The look on Drew's face perfectly registered his 'oh, shit' moment, and Adam could've laughed if he wasn't already wishing back his words. Not a period of his life he liked to dwell on. Besides, it was in the past. Ancient history. Bianca was Drew's problem now, not his.
"Forget I said that. There are, like, a million other reasons why Bianca's trouble."
Drew wiped a saucepan very slowly. Wet smears from the damp tea towel appeared across the steel.
"Is it going to be weird if I go out with her?"
She exposed me, violated my body. She called me a freak. She told everybody about me. She told them, and they picked me up and tossed me away like a piece of garbage.
"It's not about me. I just don't want you to get burned again."
Drew shrugged, some of the worry easing out of his face.
"I won't." He flashed Adam a grin, clapped his shoulder. "We're just having fun, that's all."
Adam raised an eyebrow. "I hope it stays fun."
"It will. When it's not, I won't see her any more. Simple."
"Yeah, well, till then, don't watch too much Oprah with her."
Tiny creases appeared in Drew's perfect brow. "Huh?"
Just forget it.
Adam stifled a sigh and slammed the dishwasher shut. "Never mind."
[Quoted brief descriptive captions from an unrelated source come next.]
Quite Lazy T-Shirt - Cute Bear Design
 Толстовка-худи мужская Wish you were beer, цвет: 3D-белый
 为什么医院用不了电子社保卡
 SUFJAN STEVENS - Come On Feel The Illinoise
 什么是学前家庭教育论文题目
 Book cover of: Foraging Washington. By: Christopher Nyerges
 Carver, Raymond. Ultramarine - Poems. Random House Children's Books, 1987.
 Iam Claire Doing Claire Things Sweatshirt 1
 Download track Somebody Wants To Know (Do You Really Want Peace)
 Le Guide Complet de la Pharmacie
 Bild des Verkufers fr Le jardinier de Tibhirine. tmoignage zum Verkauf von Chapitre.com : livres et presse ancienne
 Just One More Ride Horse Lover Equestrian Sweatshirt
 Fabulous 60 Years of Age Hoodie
He had another dream that night – muddled and fraught. In it, there was something he needed to do, but he couldn't quite remember what. He roamed the halls at Degrassi, never finding a familiar room or face. Someone told him that Simpson had died and his mother would be taking over as principal. He tried to get into the washroom, but the door wouldn't budge beneath his hand.
And then suddenly he was caught up in a group heading to recreation class – ballroom dancing. Fiona was there, and Bianca, and somehow, as if on autopilot, he approached Bianca, asked her to dance.
She gave him that look again. "I'm no lesbian."
"Neither am I."
Time to make an exit. He wanted to find another washroom, but Bianca was pushing him back towards Fiona, saying, "There's one. Have fun dancing, freaks."
"What?"
Fiona turned away from him, her face closed-off, completely unreadable. He tried to form words, but his mouth wouldn't work properly – and then he tripped. He fell through space, too far, too fast, and he knew the ground was going to hurt.
The jolt shook him awake. He lay blinking in the dark for a minute, then pushed the sheet back and padded down the hall towards the bathroom.